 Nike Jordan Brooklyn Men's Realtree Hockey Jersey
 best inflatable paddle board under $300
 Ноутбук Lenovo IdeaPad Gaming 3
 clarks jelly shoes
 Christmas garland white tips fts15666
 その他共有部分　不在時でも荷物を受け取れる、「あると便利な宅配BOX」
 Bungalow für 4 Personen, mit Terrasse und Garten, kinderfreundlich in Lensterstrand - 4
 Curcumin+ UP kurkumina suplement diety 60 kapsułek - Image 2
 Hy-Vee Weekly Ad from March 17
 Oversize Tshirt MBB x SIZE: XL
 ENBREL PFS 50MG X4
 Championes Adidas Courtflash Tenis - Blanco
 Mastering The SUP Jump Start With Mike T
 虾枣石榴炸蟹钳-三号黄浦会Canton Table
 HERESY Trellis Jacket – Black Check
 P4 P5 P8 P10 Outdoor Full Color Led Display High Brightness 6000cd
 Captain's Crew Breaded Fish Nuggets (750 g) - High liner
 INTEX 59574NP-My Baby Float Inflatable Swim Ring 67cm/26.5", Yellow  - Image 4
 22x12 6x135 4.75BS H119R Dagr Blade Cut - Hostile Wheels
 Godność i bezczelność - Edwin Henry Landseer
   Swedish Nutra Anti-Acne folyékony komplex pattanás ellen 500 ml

^^^^

Retype, without any change, the lines from the one containing "Captain's Crew Breaded" through the final line of the material above, and no others.

 Captain's Crew Breaded Fish Nuggets (750 g) - High liner
 INTEX 59574NP-My Baby Float Inflatable Swim Ring 67cm/26.5", Yellow  - Image 4
 22x12 6x135 4.75BS H119R Dagr Blade Cut - Hostile Wheels
 Godność i bezczelność - Edwin Henry Landseer
   Swedish Nutra Anti-Acne folyékony komplex pattanás ellen 500 ml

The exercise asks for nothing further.